- _Exercise prompt_
Although the records contain pictures, none belong in the copy: restate word for word only the lines from the one with "Schiphol Amsterdam Airport" through the one with "Snapshot of massimowalton2", both included.
--- Data to use Enclosed Below ---
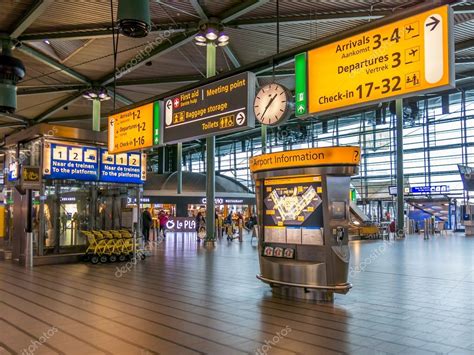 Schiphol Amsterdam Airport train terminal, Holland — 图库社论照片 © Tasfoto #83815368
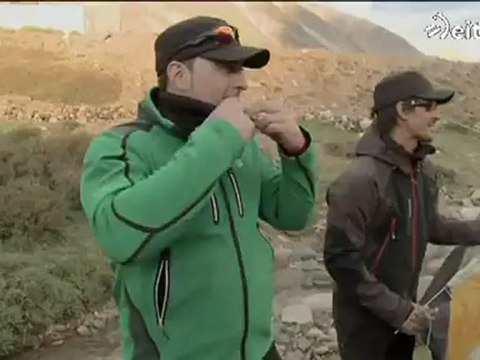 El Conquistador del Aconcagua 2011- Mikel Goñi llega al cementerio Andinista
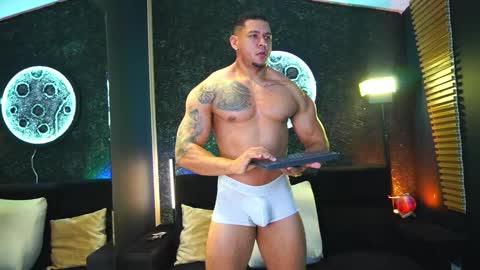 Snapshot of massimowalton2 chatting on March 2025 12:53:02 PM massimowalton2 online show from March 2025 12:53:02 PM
--- End of Enclosed Data to use ---
--- Data to use Enclosed Below ---
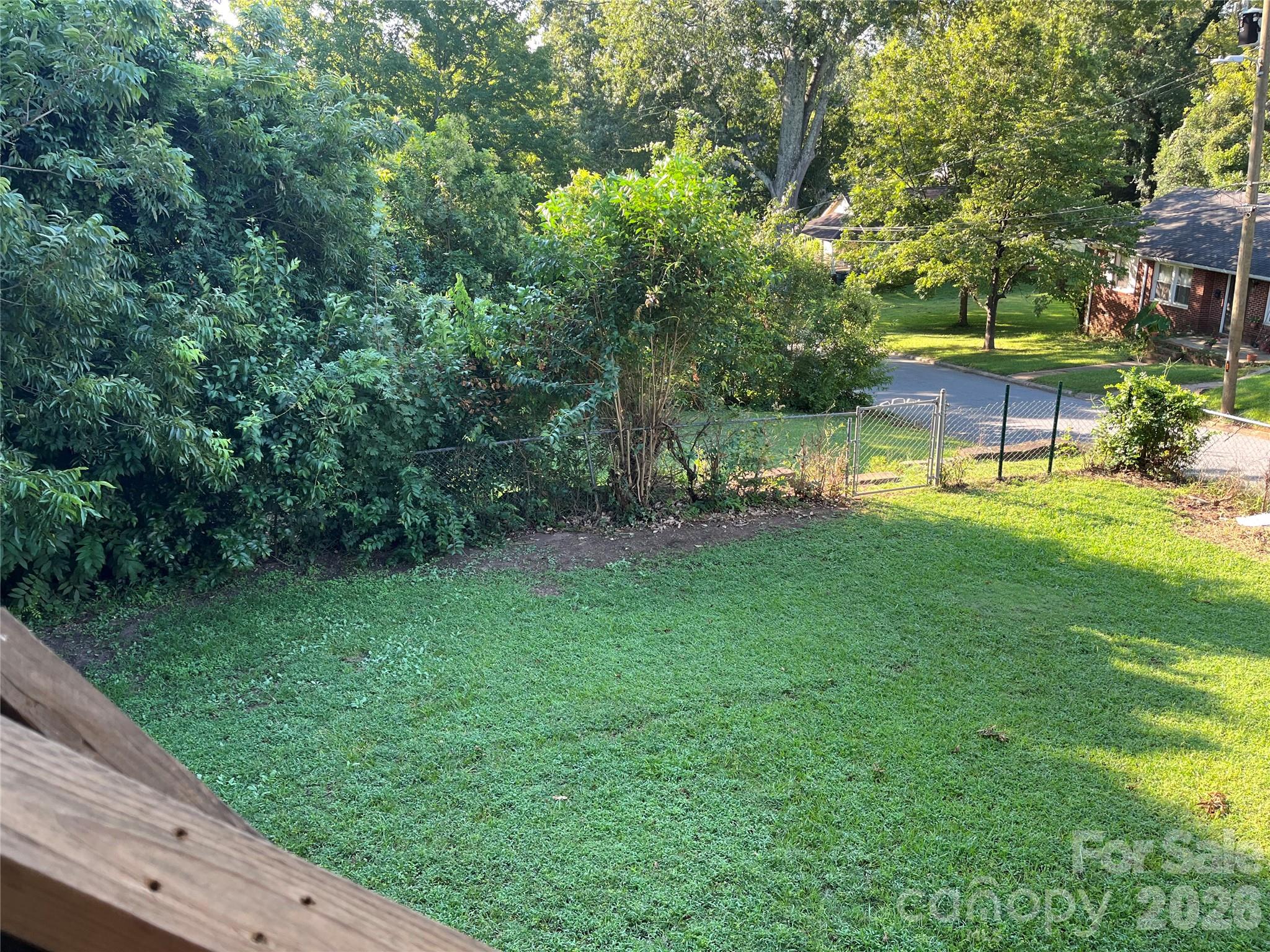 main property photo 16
--- End of Enclosed Data to use ---
- _Written answer_
 Schiphol Amsterdam Airport train terminal, Holland — 图库社论照片 © Tasfoto #83815368
 El Conquistador del Aconcagua 2011- Mikel Goñi llega al cementerio Andinista
 Snapshot of massimowalton2 chatting on March 2025 12:53:02 PM massimowalton2 online show from March 2025 12:53:02 PM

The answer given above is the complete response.